The 28-nation European Union will probably build a total of 192 gigawatts of wind-energy capacity by the end of this decade, the European Wind Energy Association said in a report released today in Brussels. That’s a sixth lower than the 230 gigawatts the group forecast in 2009 and reiterated two years later.
“A cocktail of regulatory uncertainty, ongoing climate and energy discussions at EU level and rapidly evolving national frameworks has contributed to these new scenarios,” EWEA Deputy Chief Executive Officer Justin Wilkes said in the statement.
Spain has eliminated renewable energy subsidies, Germany has pared them back and in the U.K., developers have canceled more than 5,500 megawatts of offshore wind projects in the past year. Policymakers across the region are shifting their priorities toward reining in electricity costs and away from protecting the climate.

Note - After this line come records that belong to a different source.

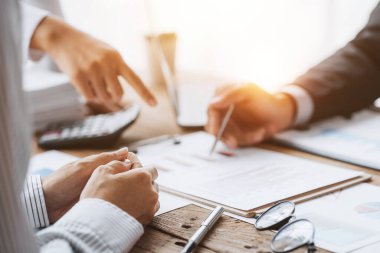 Girişimci bir şirketin toplantı odası atmosferinde finans departmanı yöneticilerle toplantılar yapıyor. Finans programları, beyin fırtınası oturumları. Şirket mali yönetimi kavramı.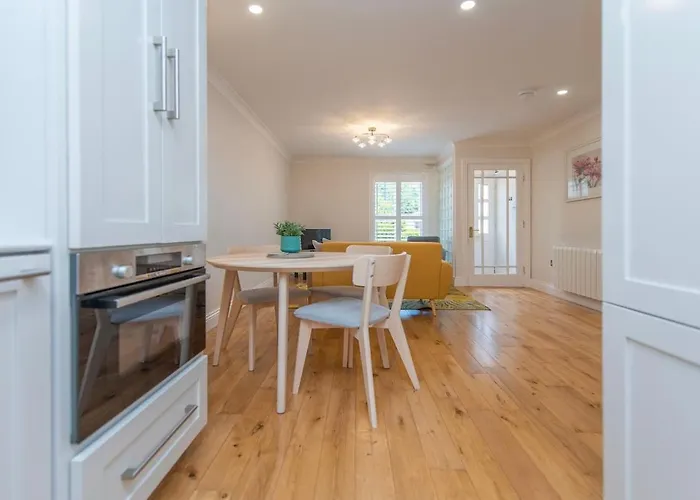 Chic Dockside Retreat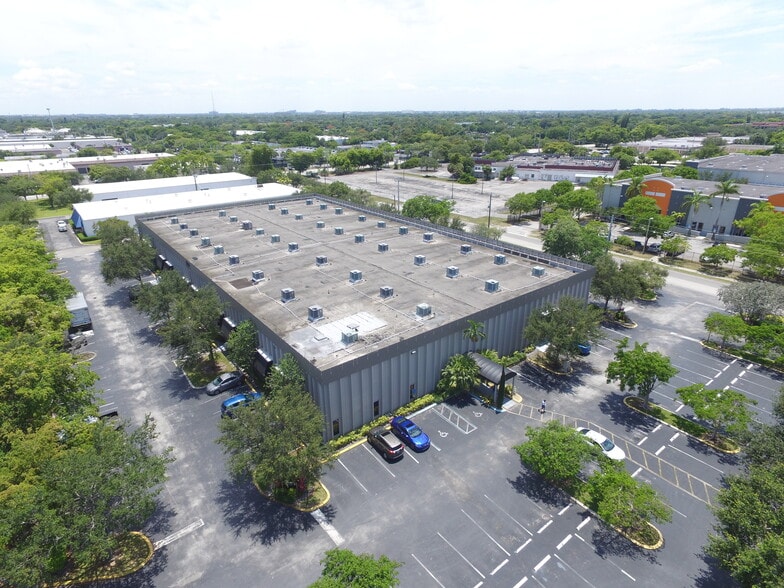 1700 NW 66th Ave, Plantation, FL for lease - Building Photo - Image 2 of 62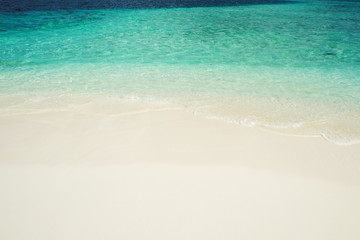 Fototapeta na wymiar Secluded island. Paradise tropical island, white sand and clear water. Landscape
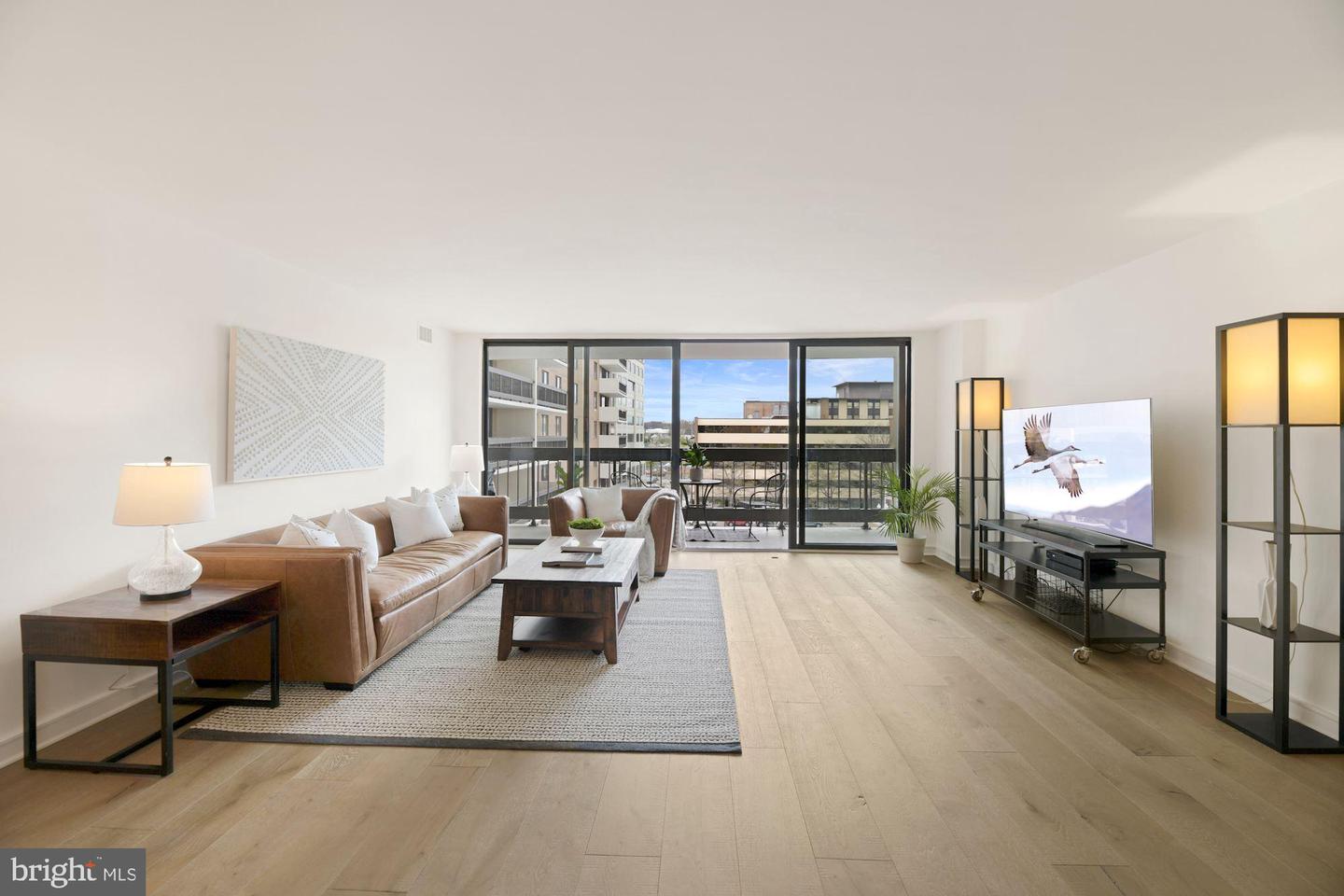 3800 Fairfax DRIVE Unit: 311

The new forecast still anticipates European nations building another 75 gigawatts of wind farms in the seven years through 2020, involving investments totaling as much as 124 billion euros ($167 billion). The industry will employ 354,000 people by then, up from 253,000 today, EWEA said.
The lobby group predicted onshore wind installations will total 169 gigawatts in 2020, with 23.5 gigawatts of offshore wind. It sees German installations increasing to 51.5 gigawatts in 2020 from 34.3 gigawatts last year, the U.K.’s total doubling to 21 gigawatts, France’s installations more than doubling to 20 gigawatts, and Poland’s almost tripling to 10 gigawatts. Installations in Spain are predicted to rise to 26 gigawatts from 23 gigawatts, with those in Italy rising to 12 gigawatts from 8.5 gigawatts.
EWEA said wind power will probably provide 442 terawatt hours of power consumption in 2020, about 15 percent of the bloc’s total. Its previous forecast saw wind providing 581 terawatt hours of electricity, or 16 percent of consumption. It cited a downgrading of the European Commission’s 2020 power demand forecast by 11 percent to 2,956 terawatt hours.